What is Initial Coin Offering (ICO)?

Let’s delve into the notion that is becoming popular with blockchain-based startups.

Initial Coin Offering (ICO) is a means of crowdfunding to release a new cryptocurrency. Traditionally, the sale of tokens is organized before the cryptocurrency is released in order to raise money for technical development. ICO is notable for little or no government regulation.

It also differs from IPO (initial public offering) as acquisition of the tokens does not grant ownership in the company developing the new cryptocurrency. While IPOs are well-defined and understood by governments, ICOs are obscurer. The U.S. Securities and Exchange Commission and other regulatory agencies are currently examining the practice. Proponents state that tokens are something between a security and a currency.

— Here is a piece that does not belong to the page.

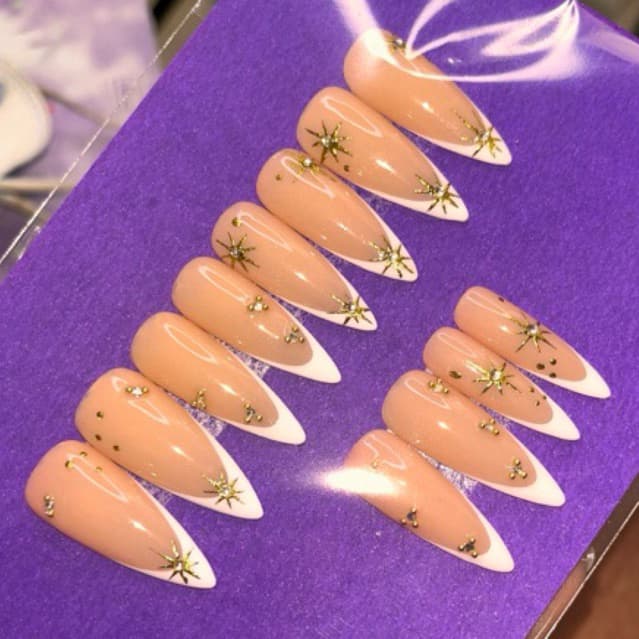 Unha postiça realista feito em gel artesanal modelo branco com dourado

The first ICO was conducted for Mastercoin in 2013. Next year, Ethereum followed and raised money with an ICO.

ICOs are rather popular with blockchain-based startups. The issue of their own cryptocurrencies to be bought in a crowdsale seems to be more profitable than accepting some fund’s money in exchange for equity stakes. Revenue from the auction of these virtual shares allows funding the businesses.

The fundraising tactic offers some tangible benefits. The liquidity is to be mentioned above all. Backers’ funds are traditionally tied up in their bets until the companies “exit,” going public or selling out. Thus, investors can cash in and out whenever they like, converting tokens into Bitcoin, Ether, and fiat currency at their leisure. There is no need to wait.

Secondly, ICOs enable new business models for open source projects. Now, developers frequently participate in various collaborations, tinkering in vital code repositories free of charge. ICOs enable coders to generate value. The more successful a project is, the higher market participants may appraise it and the more rewards contributors may get.

The success of the approach is already obvious. The market capitalization of Ether has risen by more than 500% in value since the beginning of the year.

Not to make an impression that everything is so ideal and in order to provide objectivity, let’s discuss the downsides.

As far as there is no strict regulation in the sector, investors take a risk of getting scammed. Pump and dumps, Ponzi schemes, and buggy foundational software can endanger normal operation. Ether’s debut was marred by the spectacular bust of a much-hyped project, a decentralized venture capital firm called The DAO, built atop its network. The problem wasn’t caused by malicious intent of the founders but mostly by a hack.

The main rule for those who are going to enter a game is to remember never to wager anything they feel not ready to lose.